(Beginning of MATERIAL PROVIDED)

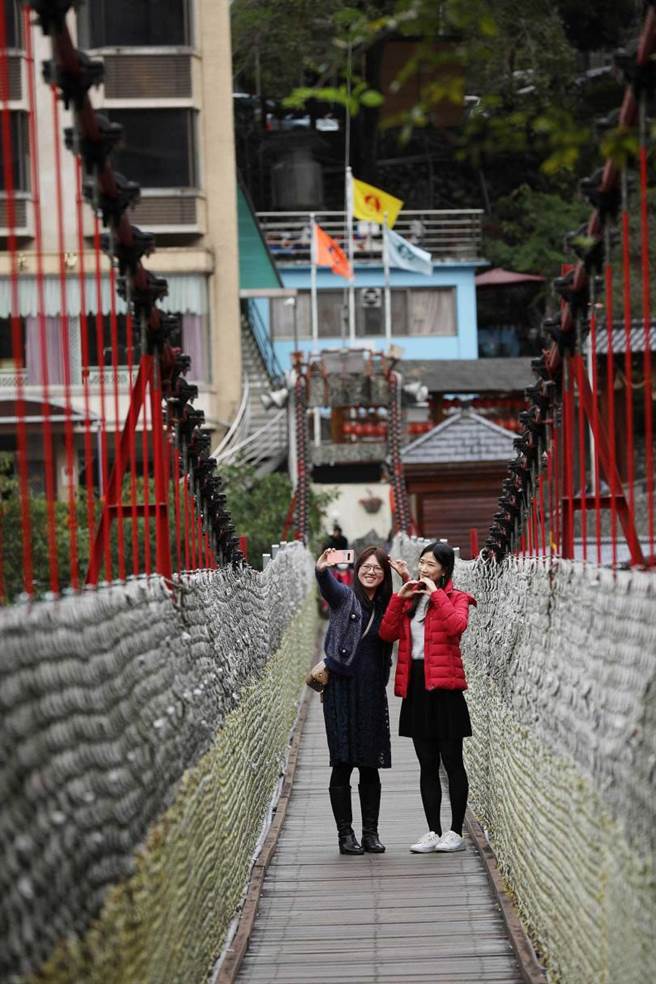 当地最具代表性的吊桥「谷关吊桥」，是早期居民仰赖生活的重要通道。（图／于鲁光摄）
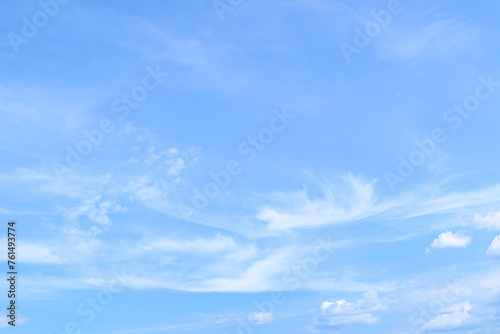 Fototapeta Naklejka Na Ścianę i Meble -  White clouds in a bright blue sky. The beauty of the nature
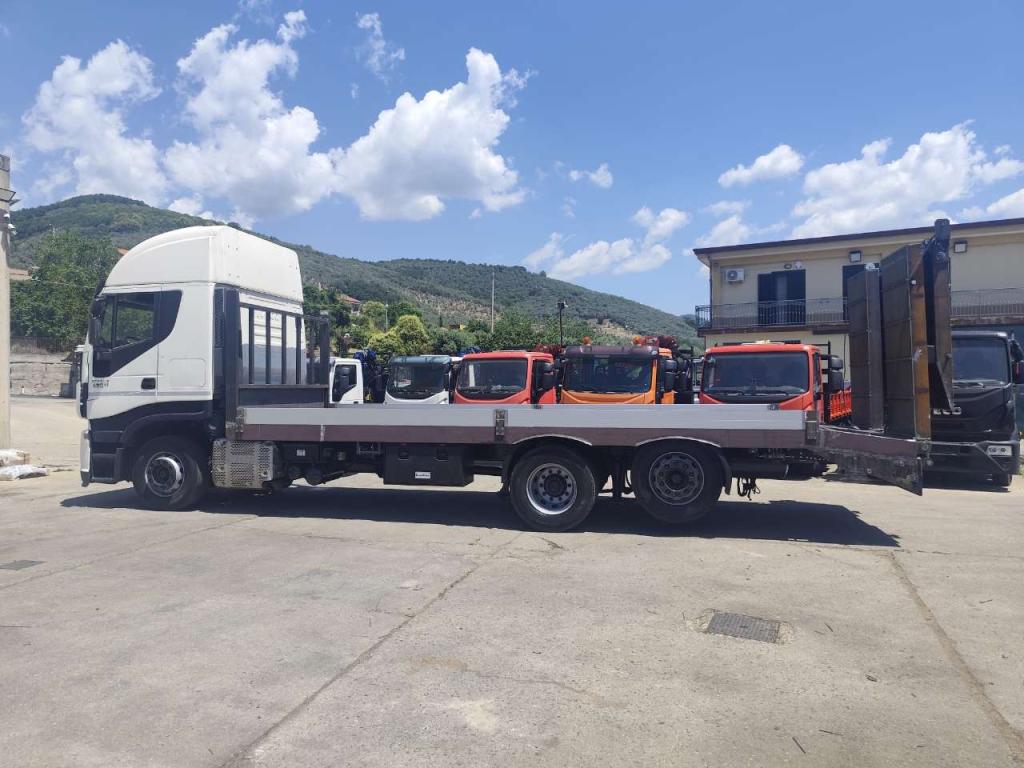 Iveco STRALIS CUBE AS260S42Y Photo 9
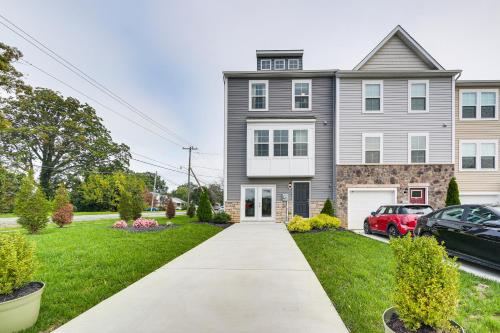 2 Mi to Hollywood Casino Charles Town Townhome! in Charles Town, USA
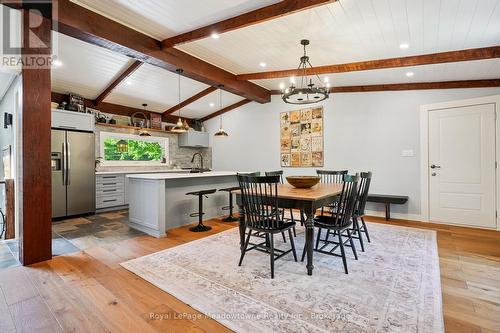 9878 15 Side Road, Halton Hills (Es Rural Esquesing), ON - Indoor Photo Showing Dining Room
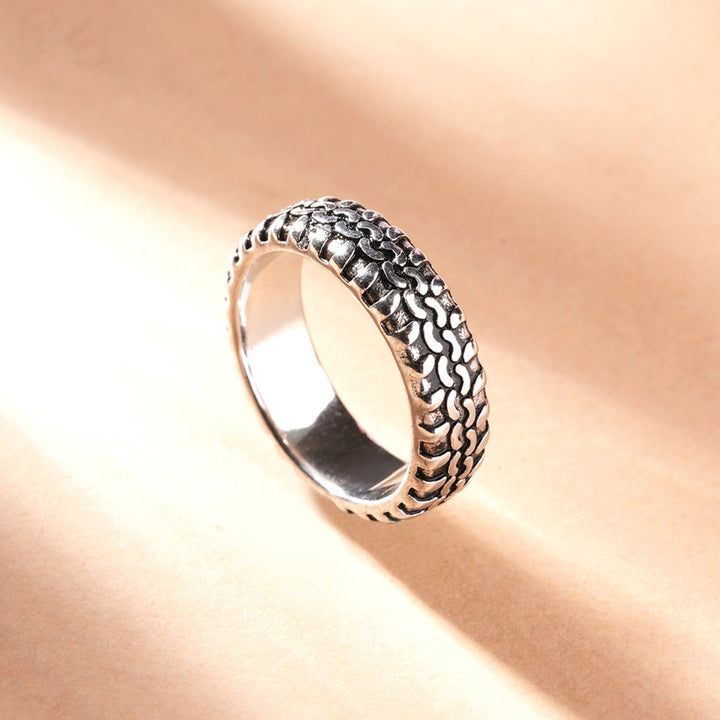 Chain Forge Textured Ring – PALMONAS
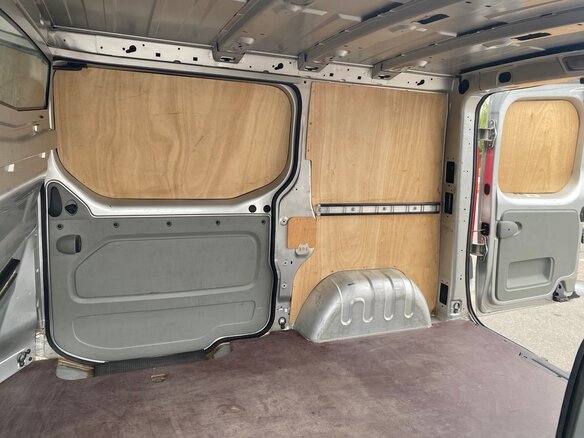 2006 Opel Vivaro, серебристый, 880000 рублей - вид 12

(End of MATERIAL PROVIDED)

* TASK PROMPT
Could you reproduce the data above exactly, without its pictures?

* ANSWER BOX
 当地最具代表性的吊桥「谷关吊桥」，是早期居民仰赖生活的重要通道。（图／于鲁光摄）
 Fototapeta Naklejka Na Ścianę i Meble -  White clouds in a bright blue sky. The beauty of the nature
 Iveco STRALIS CUBE AS260S42Y Photo 9
 2 Mi to Hollywood Casino Charles Town Townhome! in Charles Town, USA
 9878 15 Side Road, Halton Hills (Es Rural Esquesing), ON - Indoor Photo Showing Dining Room
 Chain Forge Textured Ring – PALMONAS
 2006 Opel Vivaro, серебристый, 880000 рублей - вид 12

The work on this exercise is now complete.